Here I would slightly shrink the tokens. In addition, making the lines of the circles wider would help.
The board has a number of problems.
All of the circles on the board are spaces a character can move into. Except the black circles. Those you can never move into. The black circles should have been some other shape, or at least a significantly different size.
Similarly, circles of any color may have a small icon in them. Some indicate a rules change if a character stands there. Some indicate that an adjacent character may take a special action (Action circles and Objective circles). It's not quickly clear which are which. Again, changing the size or shape of the black circles would fix the problem, as the Action and Objective action circles are all black circles.
The circles which modify a character's attributes consist of an icon, matching an icon on the character sheet, and a color, red to indicate a penalty, and green to indicate a bonus.
Red and green, at similar levels of brightness, with a gradient, in small icons on a busy board, probably in non-optimal lighting. As someone who is red-green colorblind, I can assure you that those colors are very similar.
Perhaps surprisingly, I would not recommend changing the colors. Red and green have very clear associations of bad and good. The solution is to make them more distinct. First, eliminate the gradient to reduce complexity. Select a very vivid red and green; most red-green colorblind people can distinguish red and green, provided they are vivid. And finally, put a − or + next to the icon to act as redundant information.
The color of the circles matters a great deal, as it indicates which "paths" a circle is part of, and thus which characters can see which other characters. But overly subtle color choices against complex background, and perhaps some outright mistakes can make it hard to tell which circles are the same color.
These three circles all appear to share a single color, purple, to me. Based on the positions of the circles and the walls (in solid black), it seems obvious that anyone in one of the three circles could see the other two. However, the circle on left doesn't share the same purple; it's slightly, but importantly, more grey.

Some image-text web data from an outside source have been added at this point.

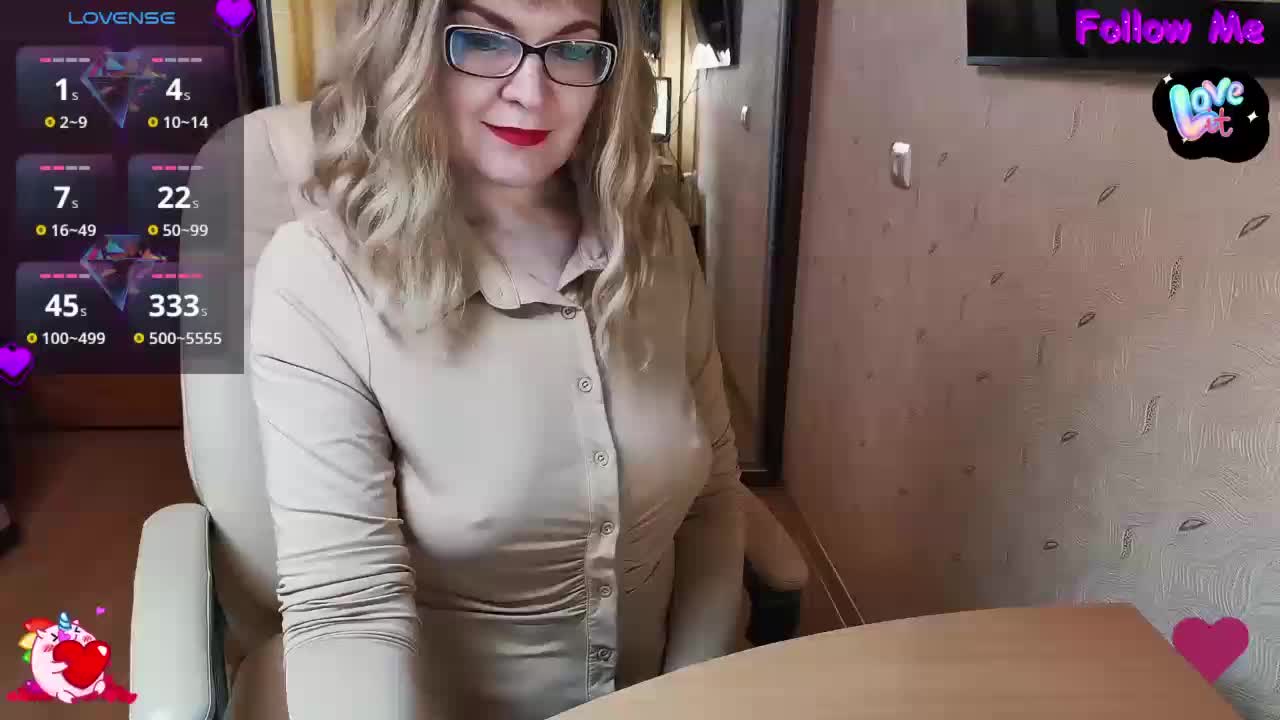 Muza-Love Cam Show Recorded 2025-04-25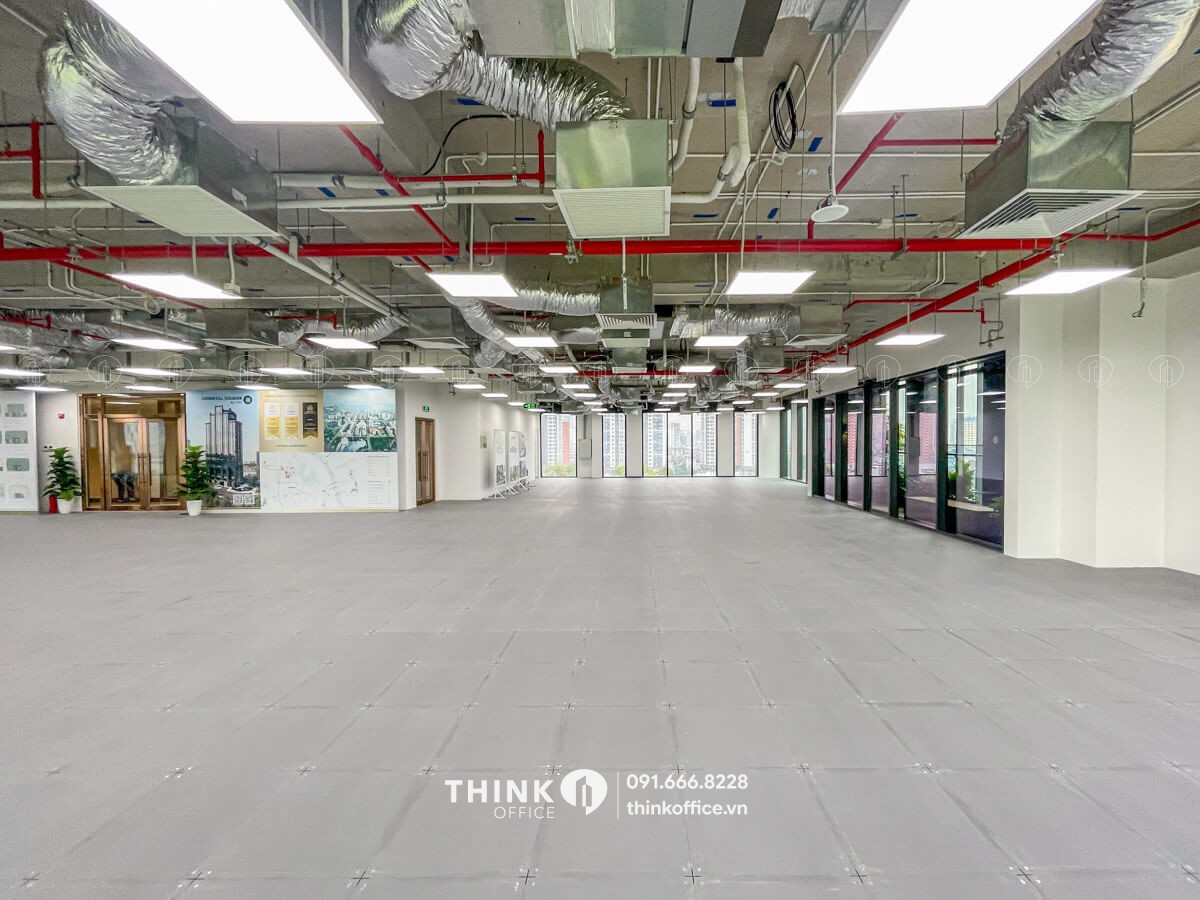 Mặt bằng văn phòng điển hình cho thuê Oriental Square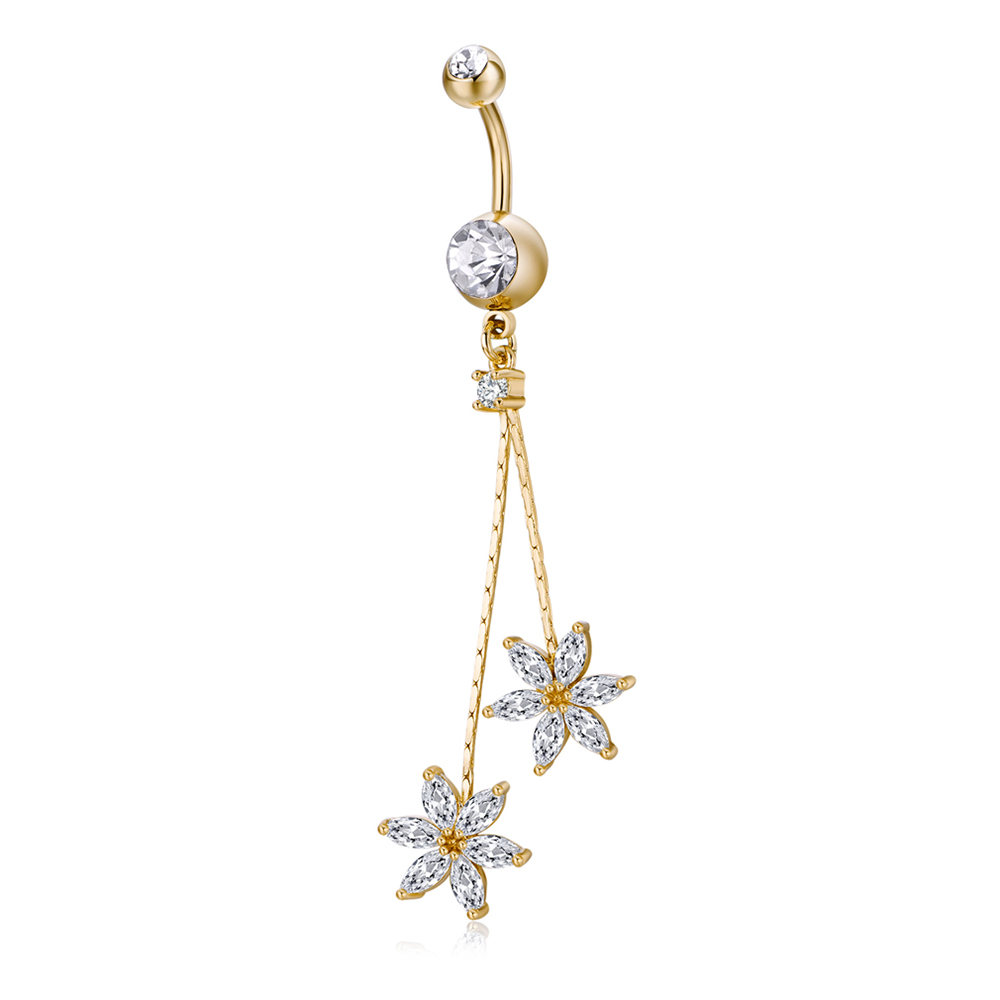 Kuniu 1pc y2k Fashion Flower P - Body Jewelry Implants avis et prix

Maybe it's my color blindness, or sub-optimal lighting, but the color choice lead to my misunderstanding an important tactical element.
Muted colors were chosen, presumably to not clash with the attractive background. Relatively thin lines were used for much the same reason. Unfortunately the combination makes misunderstandings likely. The solution is vivid colors and wider lines.
Conversely, in this picture all five circles are supposed to share a light blue color; the entire circle on the right two, and portions of the bottom or bottom right on the left two. To me, the two circles on the right are decidedly more lightly colored than the portions of the circles on the left.
Human perception causes colors to seem different depending on their surroundings, as our brain is attempting to compensate for differences in lighting, and the thin, muted colors are particularly prone to this. The same solution as before applies: more vivid colors and wider lines.
A section of map as it appears on the game board.
Characters can move from circle to "adjacent" circle. What's adjacent? Often it's obvious, but there are exceptions. See the circles marked A and B, above? They seem adjacent to me, and seem a reasonable path for a character trying to hustle down the hallway. However, a character actually needs to travel through C. It's enough of a problem that the Revised rules includes maps with lines showing all of the valid connections.
The same section of map as it appears in the Revised rules.
The solution is to add the linking lines, like they are in the Revised rules.